Well as meetings progress and executives sit impatiently, our D.R. plan is slowly coming together. Having to test and choose products is always a great learning experience, though doing this with deadlines takes some of the fun away.
We’ve already sat through the presentations from Lefthand and Equallogic since we’ve narrowed our choices for our production SAN down to these two venders. Just from meeting the reps from both of these companies, I’d have to say that the Lefthand guys seem more down to earth and know what the hell they are talking about. The Equallogic reps we’ve had out are just salesmen who have had minor hardware training and only answer questions with generic answers. The Lefthand guys do this for a living and for fun it seems, the Equallogic guys are just salesmen, period.

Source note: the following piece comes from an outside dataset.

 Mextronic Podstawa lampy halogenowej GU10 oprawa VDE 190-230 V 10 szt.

One of the biggest downsides for us with Equallogic was that when it comes down to upgrading the firmware on the modules, it will take down network connectivity for 15 seconds while it switchs over to the secondary controller inside the array. I don’t know about other companies and how they would handle their SAN being down for 15 seconds a couple times a year but I’ll pass. With Lefthand, because of their network RAID design, no downtime is required. I’d have to say we’re leaning very heavily towards Lefthand for the SAN purchase.

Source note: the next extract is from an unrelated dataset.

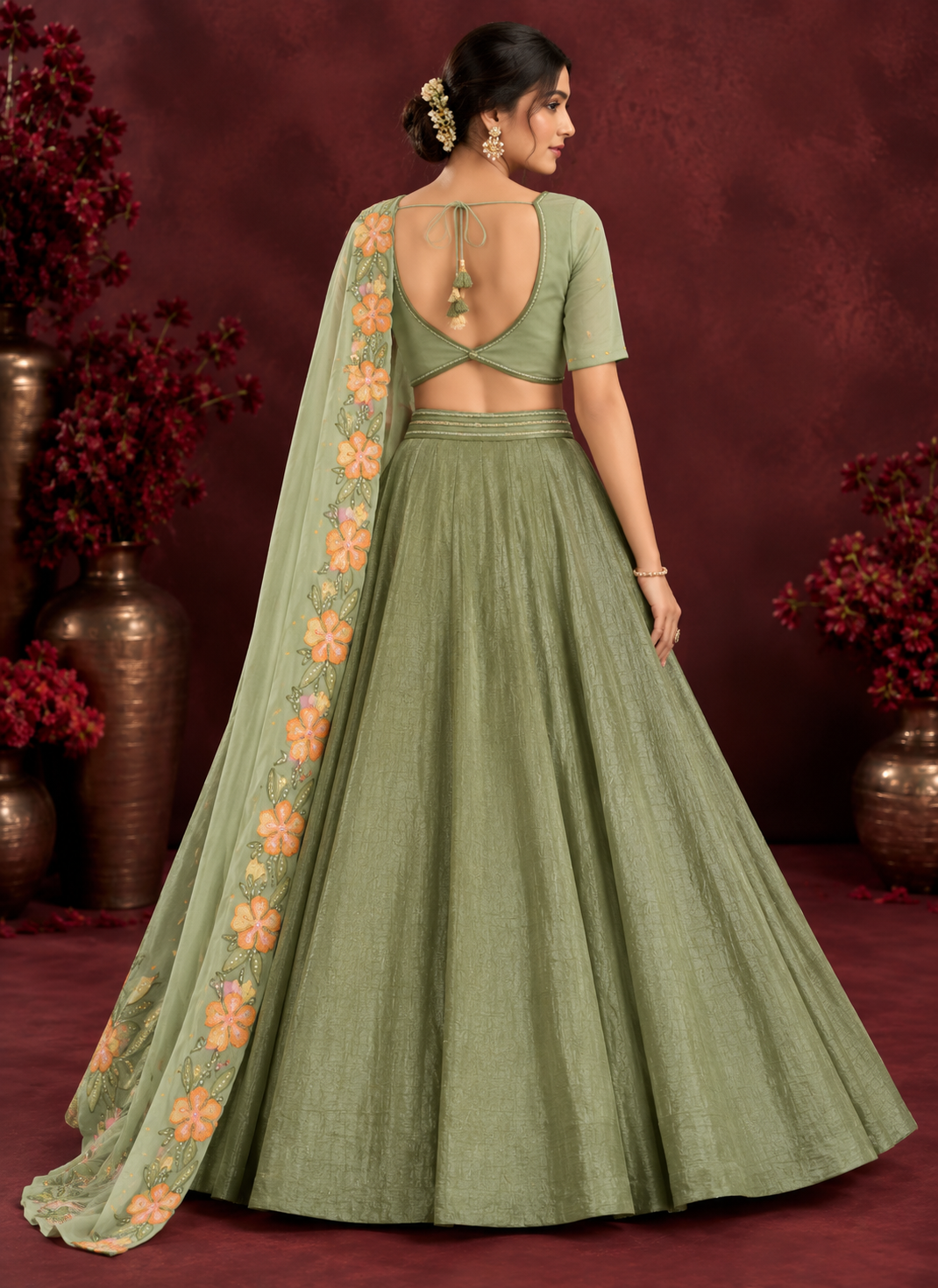 Pista Green Fendi Silk Lehenga Choli with Beads Sequin & Thread Embroidery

We’ve settled on VMware 3.5 for our virtualization needs. Virtual Iron will hopefully make it into our plans some day but they just aren’t mature enough for what we need. I’d like to actually use the licenses we’ve purchased for Virtual Iron to create a testing lab for our dept since we just don’t have space for phsyical machines.
And I finally found the time to install and configure Cacti to replace Servers Alive. The newest release from CactiEZ is really the best and easiest solution i’ve found for the price paid, FREE! The features that cacti has and the plugins available really do compare to most enterprise solutions that cost a bucket full of cash. I have almost all of our servers setup and am going through networking equipment to add as needed. In the past if a developer said they needed a new server because a current server just couldn’t handle the load, we would just buy it. Now with performance monitoring and tracking I can ask them to prove the need. In the past month i’ve had to pull statistics on a few servers for this exact reason.